This paper aims to investigate how MOOC forums are truly important and correlate with students’ improved academic performance. It also confirms the advantages of super degrees algorithms, which partly fill a gap of supernetwork parameters, thus we can better identify forum activity levels of participants and the quality of threads in MOOC, and more students will participate in the forum.

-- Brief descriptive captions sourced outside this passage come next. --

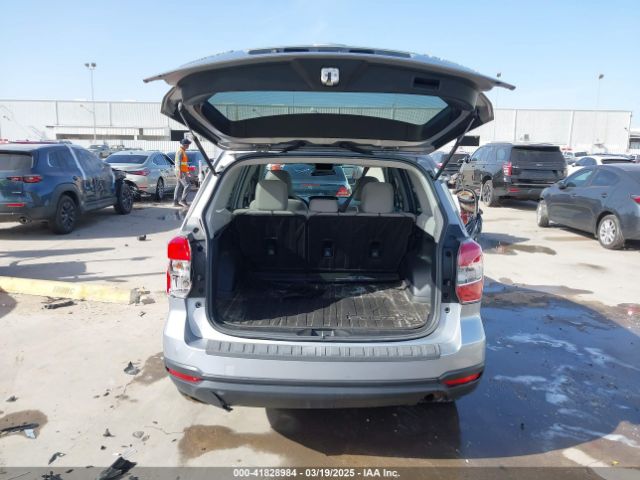 JF2SJADC8GH549569 Subaru Forester 2.5i Premium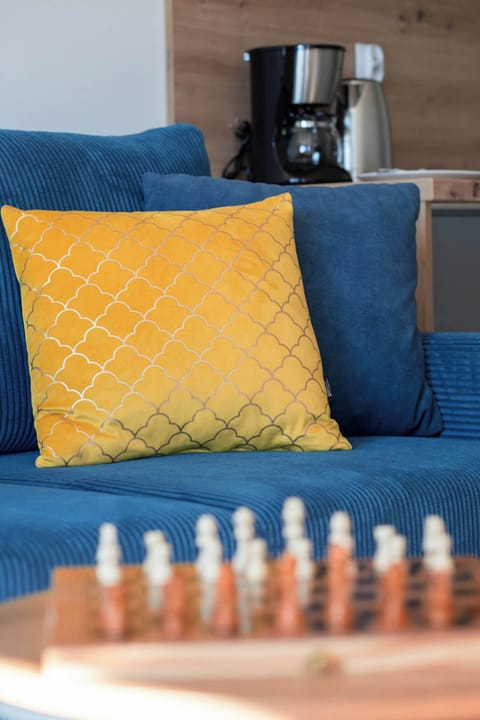 Stylish living room with coffe table. 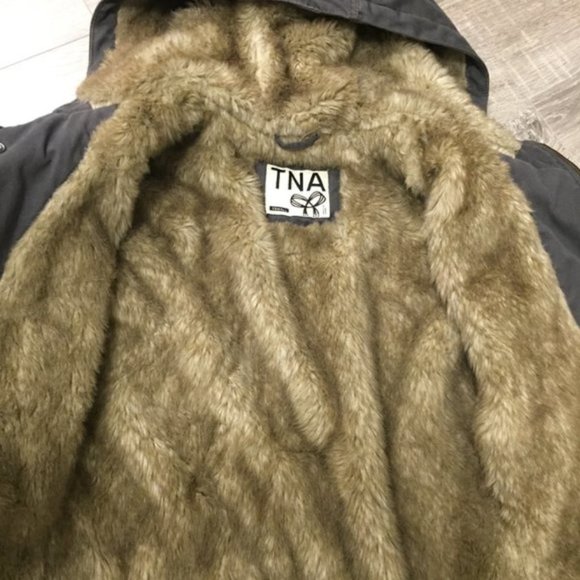 TNA Aritzia Winter Jacket - Picture 3 of 5
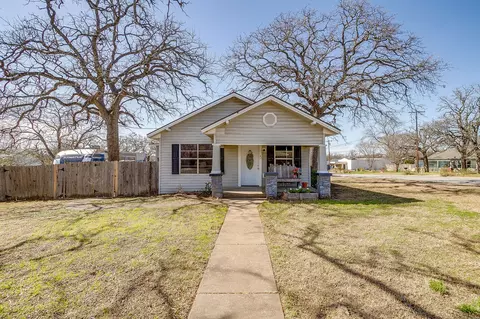 1215 N Elm St, Weatherford, TX 76086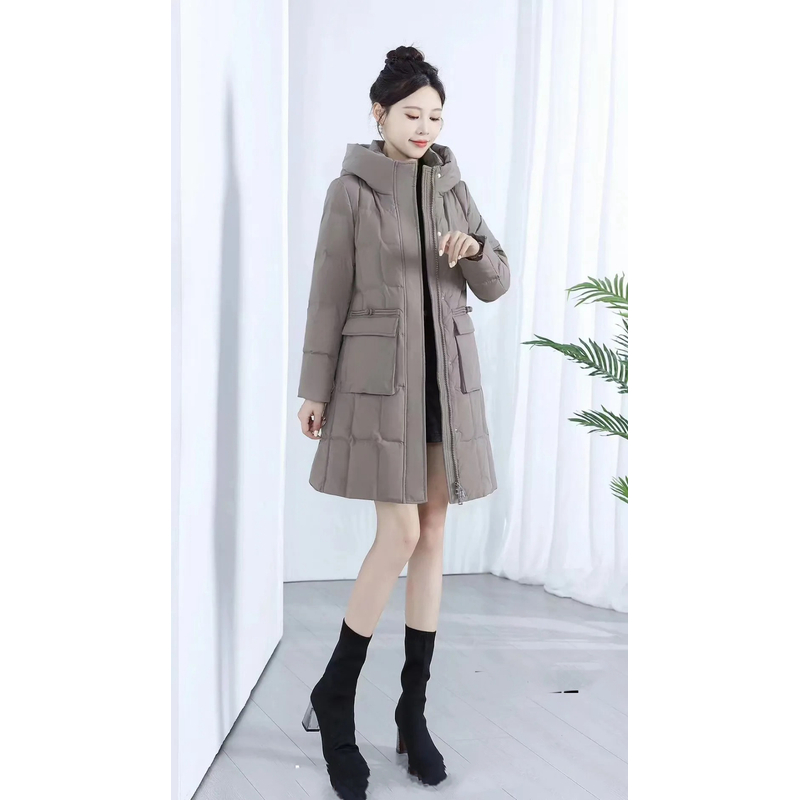 S5008百搭连帽宽松时尚女士简约秋冬羽绒服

The rest of this paper is organized as follows. Section 2 offers a more detailed review of MOOC forum studies. Section 3 details nonparametric tests and multiple linear regressions that are used to find the relation between forum participation activities and course scores. In section 4, from the perspective of the supernetwork, super-node degree and super-edge degree are defined and employed with real course data to do forum analyses. Section 5 draws conclusions and introduces visions for future researches emerging from this work.

Related Work

Along with the two MOOC networks, the people network and knowledge network, there are two basic MOOC curriculum modes used by students and teachers: cMOOC and xMOOC. In 2008, George Siemens and Stephen Dawnes created the first MOOC: Connectivism and Connective Knowledge Online Courses (Siemens, 2014) which is later called cMOOC as it is based on the connectivism learning theory. cMOOC highlights the important role that social and cultural context plays in how and where learning occurs. Connectivism sees knowledge as “a network and learning as a process of pattern recognition” (Wikipedia, https://en.wikipedia.org/wiki/Connectivism). Learning in this case happens not only in the individual context but within and across large networks, including organizations and big data. Focus here is on connecting specialized information sets that rely on user-generated content, wherein connections among participants serve as keys for the course to advance (Siemens, 2014). The MOOC forum thus offers a uniquely broad platform for participants to discuss what they learn and to build creative social connections, which also aligns with the connectivism theory (Downes, 2010). With the representatives of Coursera, Udacity, edX which were fast growing in 2012, xMOOC is quite different from cMOOC. xMOOC derives form behaviorism, replicating the traditional educational model of knowledge transfer from teachers to students and emphasizes courses, exercises, and tests based on behaviorism learning theory. Combining aspects of philosophy, methodology, and psychological theory, behaviorism assumes that all human and animal behaviors are either reflexes produced by a response to stimuli in the environment, or a result of an individual’s history, such as reinforcement and punishment. Although behaviorists “generally accept the important role of inheritance in determining behavior, they focus primarily on environmental factors” (Wikipedia, https://en.wikipedia.org/wiki/Behaviorism).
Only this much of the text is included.